» **Description of the task**:
Please repeat the records exactly. The pictures are to be left out.

Captioned web image data:
--- START ---

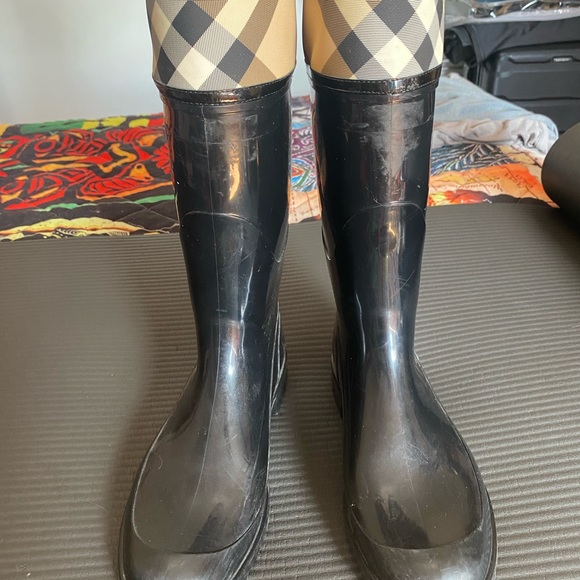 Burberry rain boots, Size 41 - Picture 2 of 14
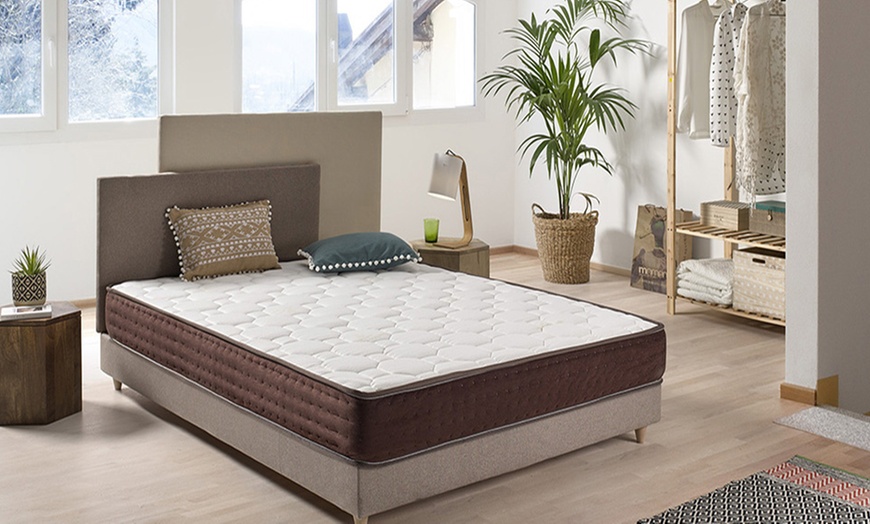 Image 1: Memory Foam Mattress Bamboo Comfort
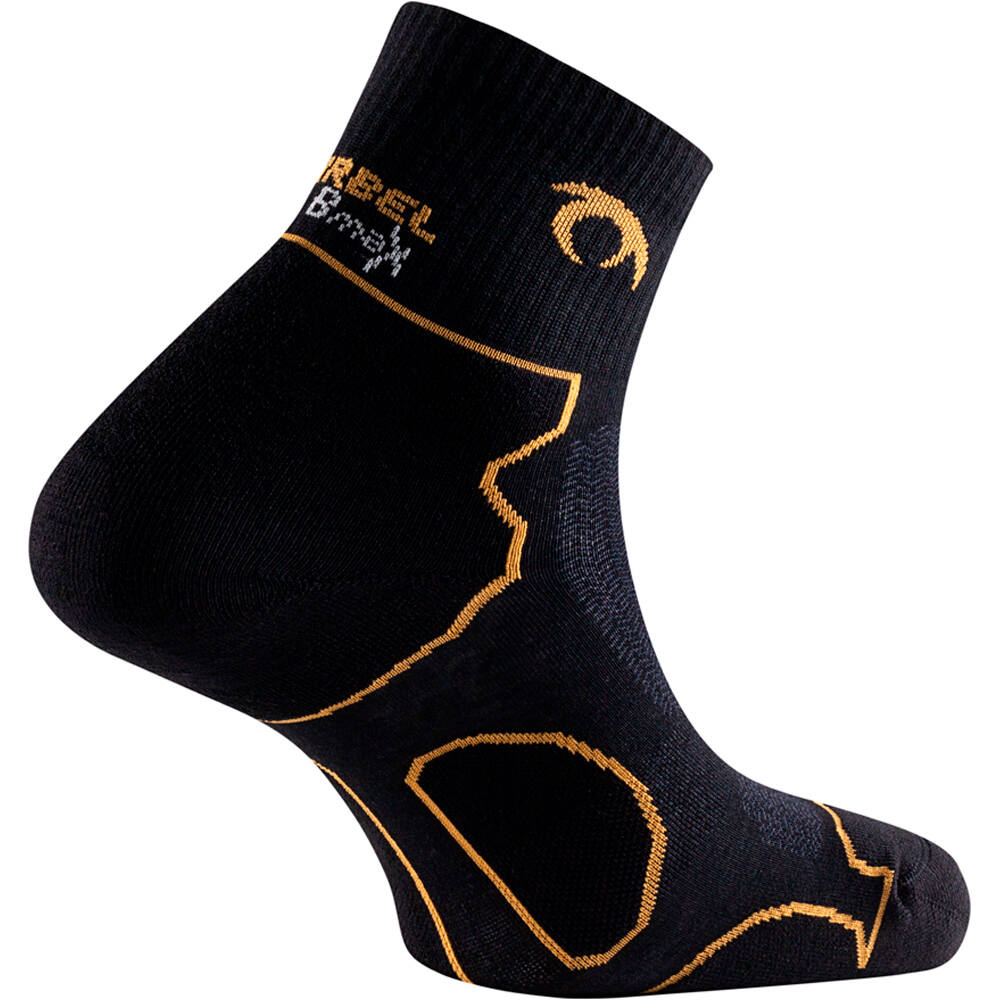 Lurbel calcetines montaña Tierra three 01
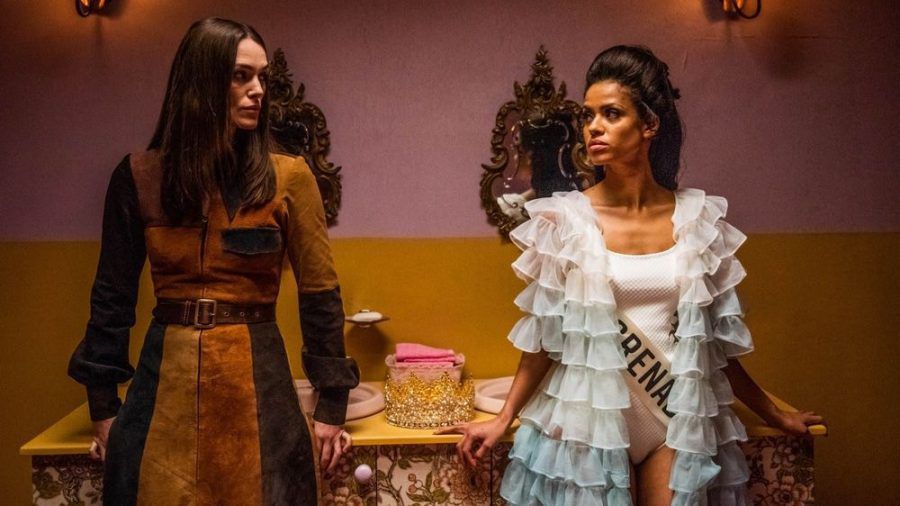 Frauenrechtlerin Sally (Keira Knightley, links) und Miss Grenada Jennifer (Gugu Mbatha-Raw) kämpfen auf unterschiedliche Art und Weise gegen die veralteten Strukturen der 70er Jahre. (wag/spot)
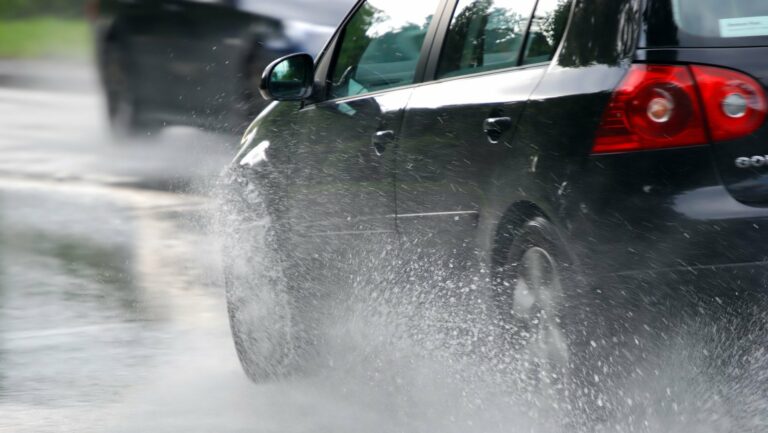На сколько увеличивается расход топлива автомобиля во время дождя - today.ua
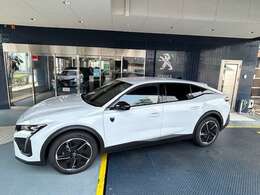 プジョーからのクロスオーバーモデルになります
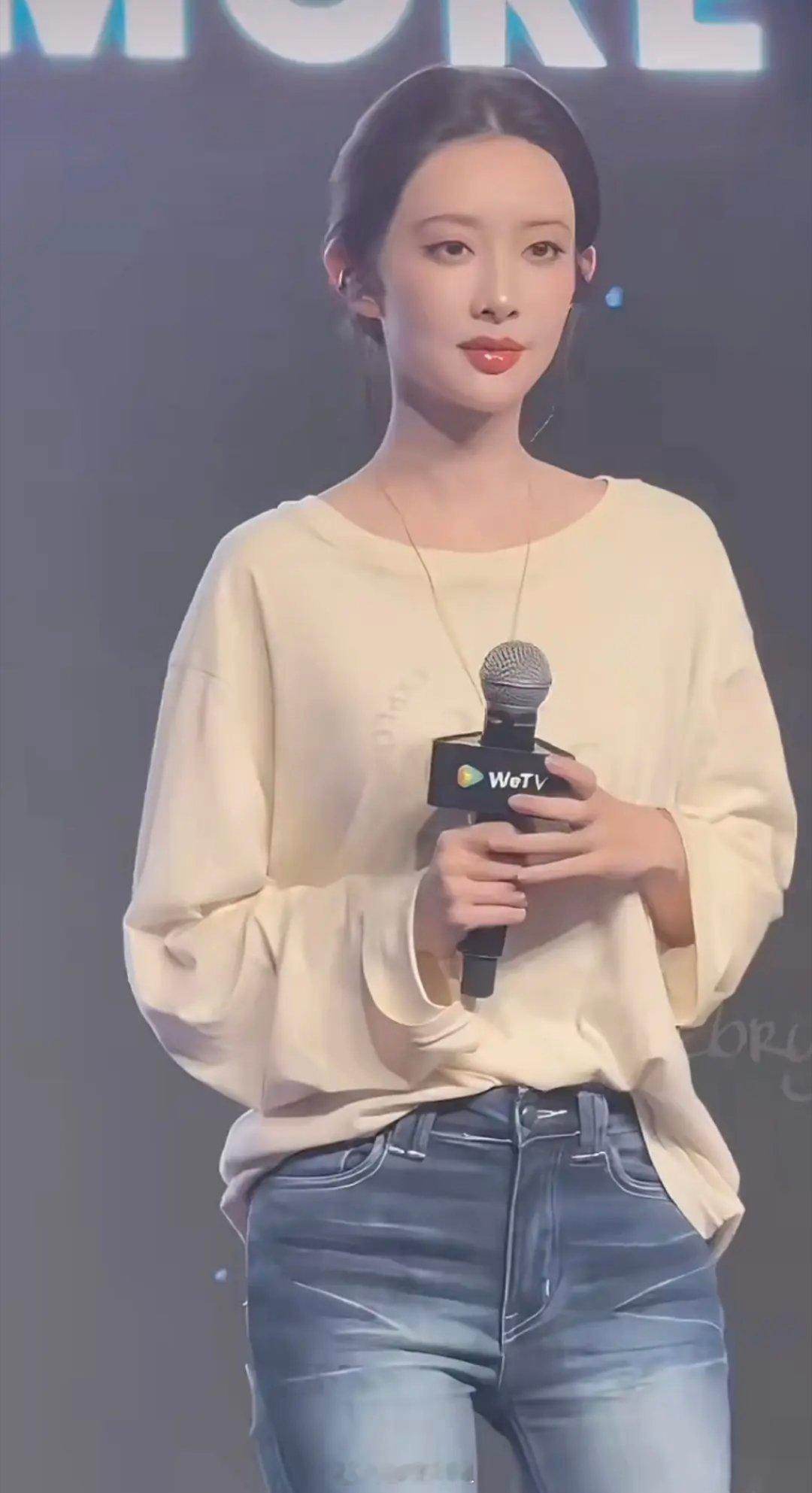 来看看孟子义最新造型 和沈娇娇适配度如何？ 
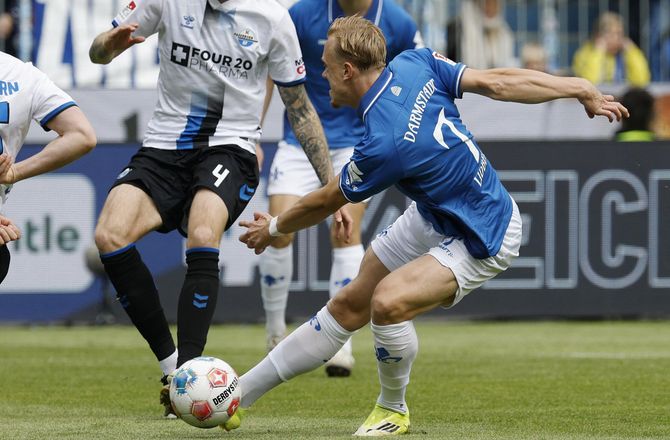 Bundesliga -Sky: Gladbach henter svensk målmager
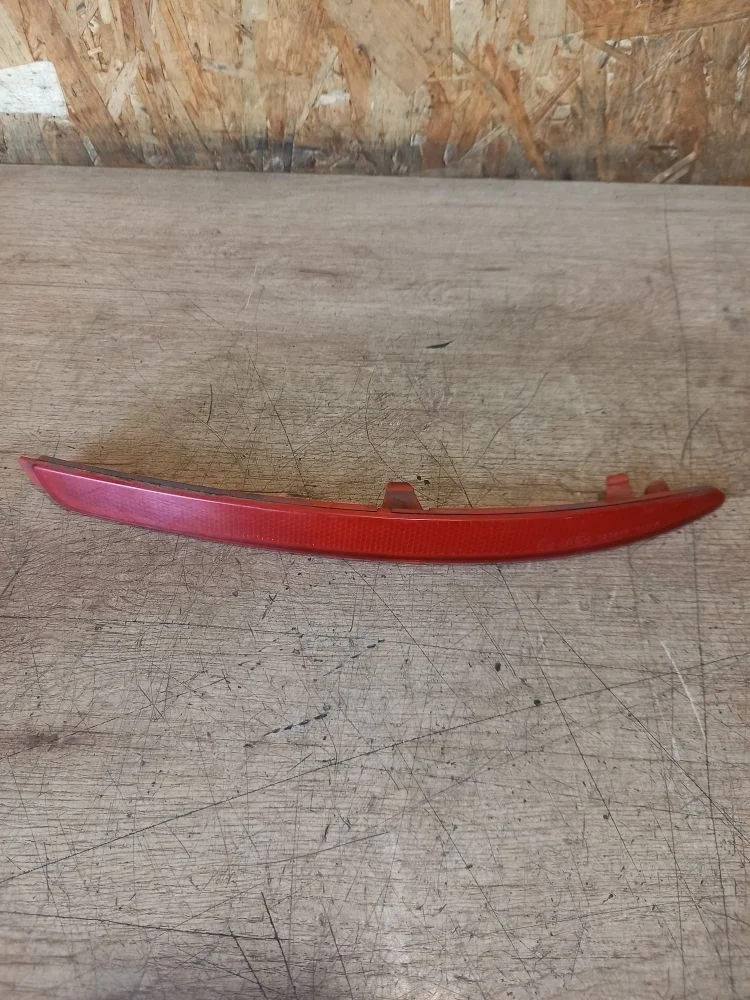 Катафот бампера Skoda Octavia II рестайлинг (2008—2013) 2011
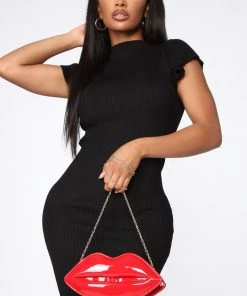 FashionNob Blowing Kisses Crossbody Bag - Red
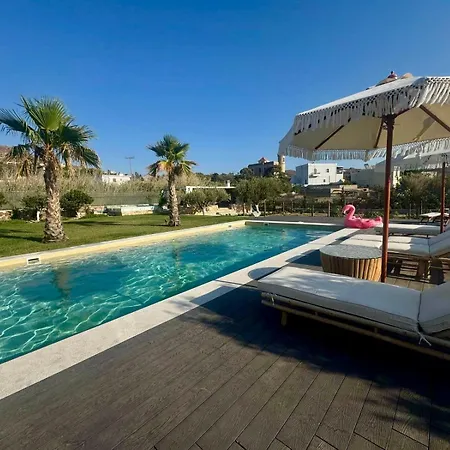 Loretta With Pool, Jacuzzi And Garden Villa *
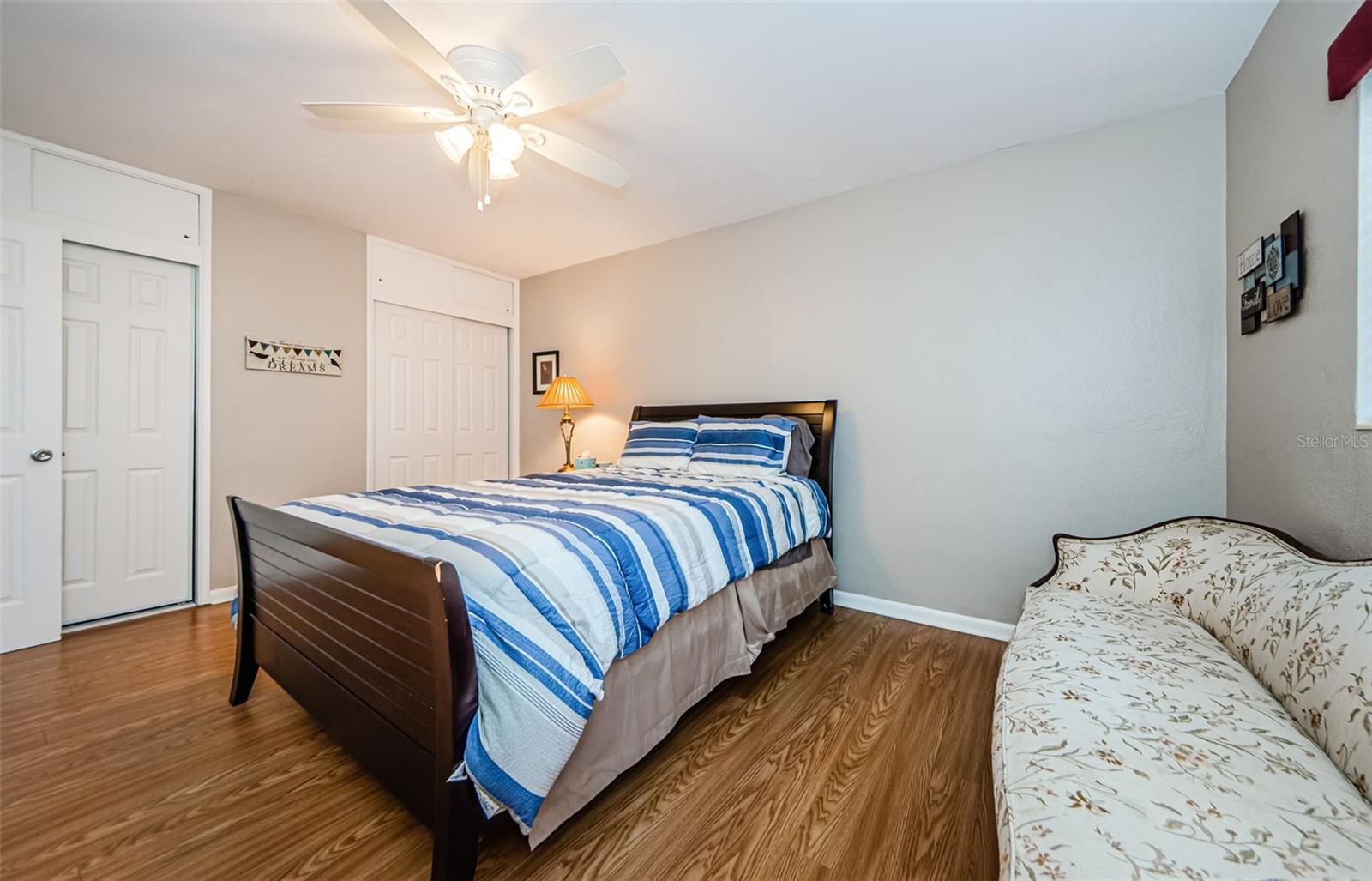 Image 33 of 47 For 2263 Curtis Drive N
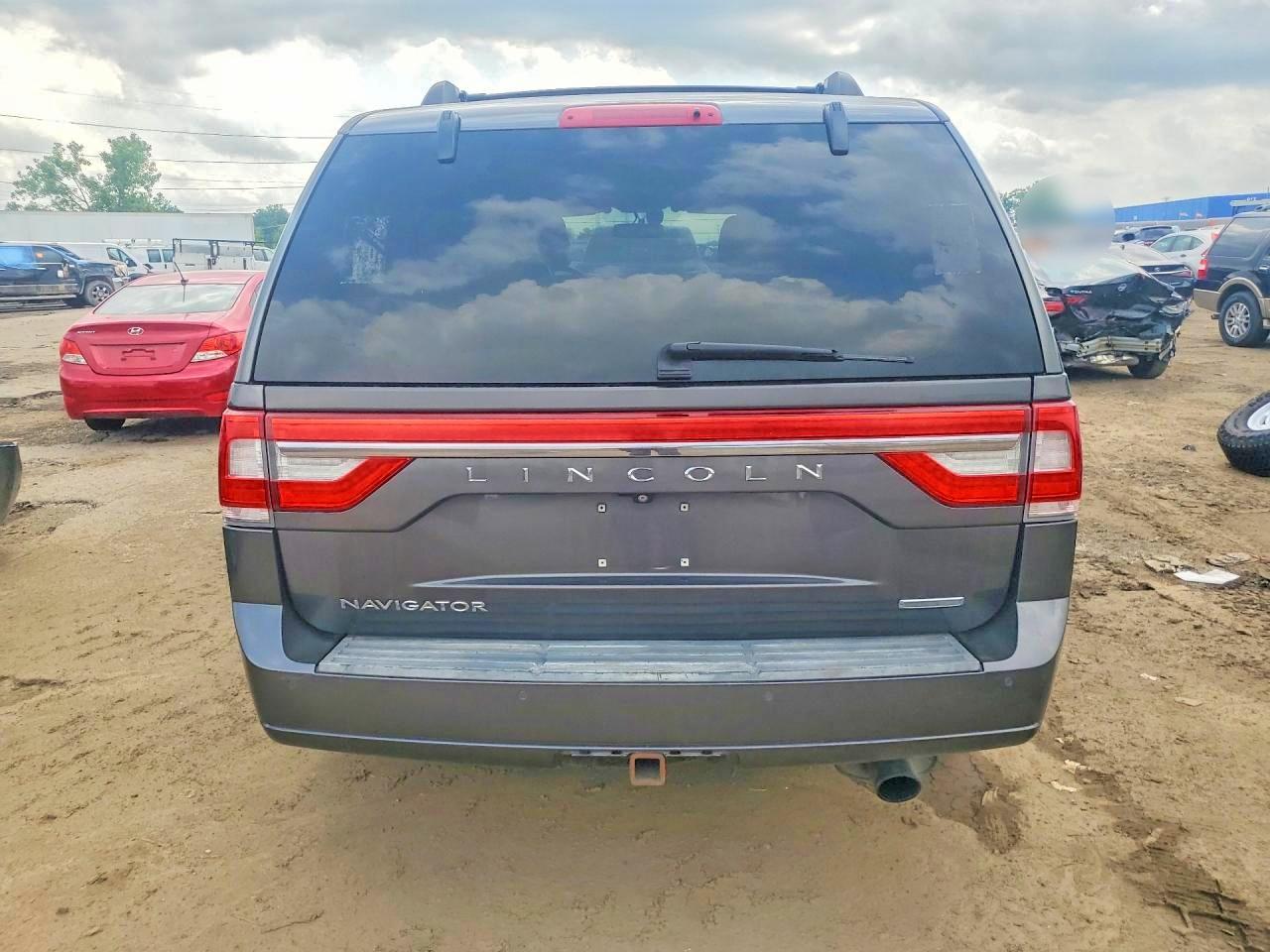 2015 LINCOLN NAVIGATOR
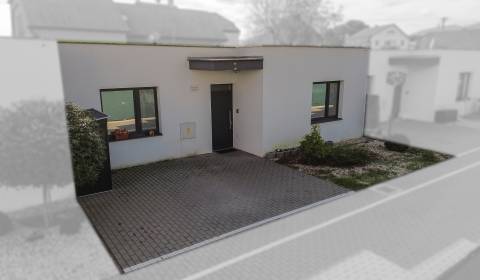 Sale Two bedroom apartment, Two bedroom apartment, Hanzlíkovská, Trenč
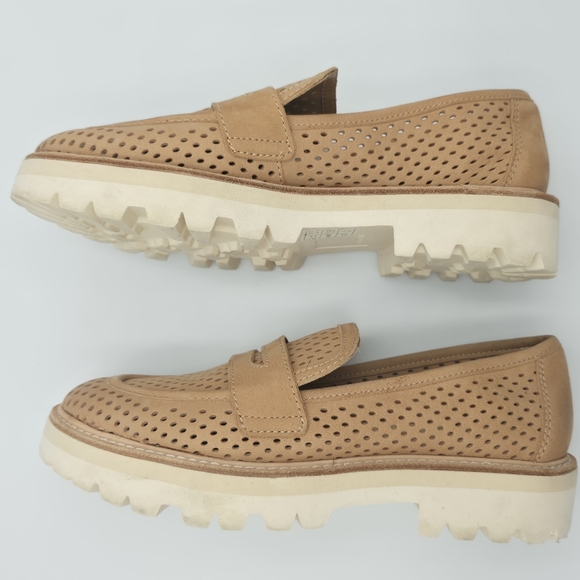Dolce Vita Tan Perforated Platform Penny Loafers Lug Sole 7.5 - Picture 7 of 9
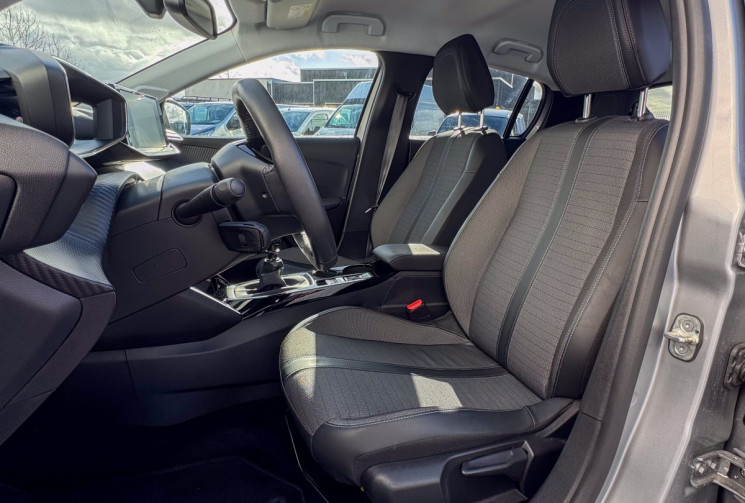 Peugeot 208 1.2 PureTech S&S 100 cv Allure Pack Caméra LED Sièges chauffant Keyless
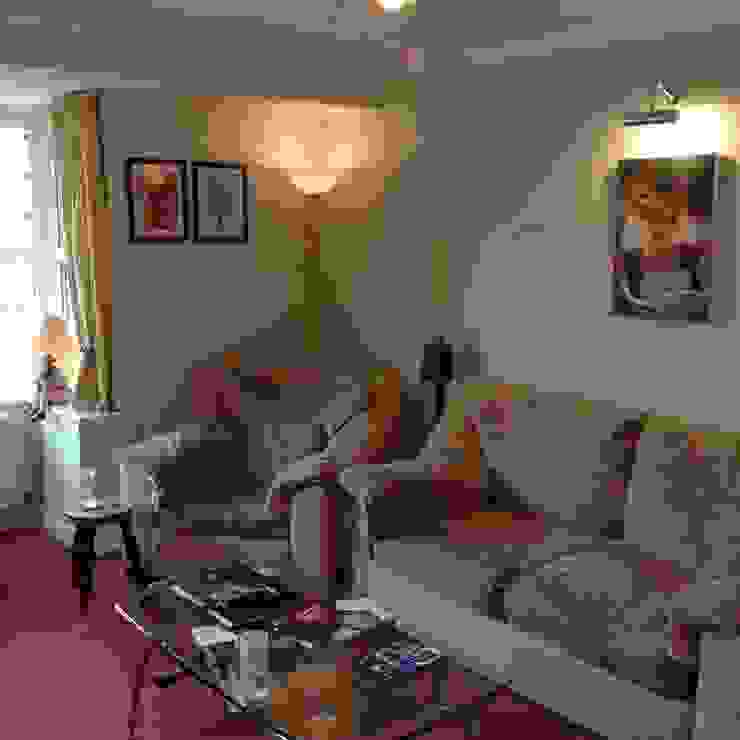 Contemporary Lounge Girl About The House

--- END ---

» **Reply**:
 Burberry rain boots, Size 41 - Picture 2 of 14
 Image 1: Memory Foam Mattress Bamboo Comfort
 Lurbel calcetines montaña Tierra three 01
 Frauenrechtlerin Sally (Keira Knightley, links) und Miss Grenada Jennifer (Gugu Mbatha-Raw) kämpfen auf unterschiedliche Art und Weise gegen die veralteten Strukturen der 70er Jahre. (wag/spot)
На сколько увеличивается расход топлива автомобиля во время дождя - today.ua
 プジョーからのクロスオーバーモデルになります
 来看看孟子义最新造型 和沈娇娇适配度如何？ 
 Bundesliga -Sky: Gladbach henter svensk målmager
 Катафот бампера Skoda Octavia II рестайлинг (2008—2013) 2011
 FashionNob Blowing Kisses Crossbody Bag - Red
 Loretta With Pool, Jacuzzi And Garden Villa *
 Image 33 of 47 For 2263 Curtis Drive N
 2015 LINCOLN NAVIGATOR
 Sale Two bedroom apartment, Two bedroom apartment, Hanzlíkovská, Trenč
Dolce Vita Tan Perforated Platform Penny Loafers Lug Sole 7.5 - Picture 7 of 9
 Peugeot 208 1.2 PureTech S&S 100 cv Allure Pack Caméra LED Sièges chauffant Keyless
 Contemporary Lounge Girl About The House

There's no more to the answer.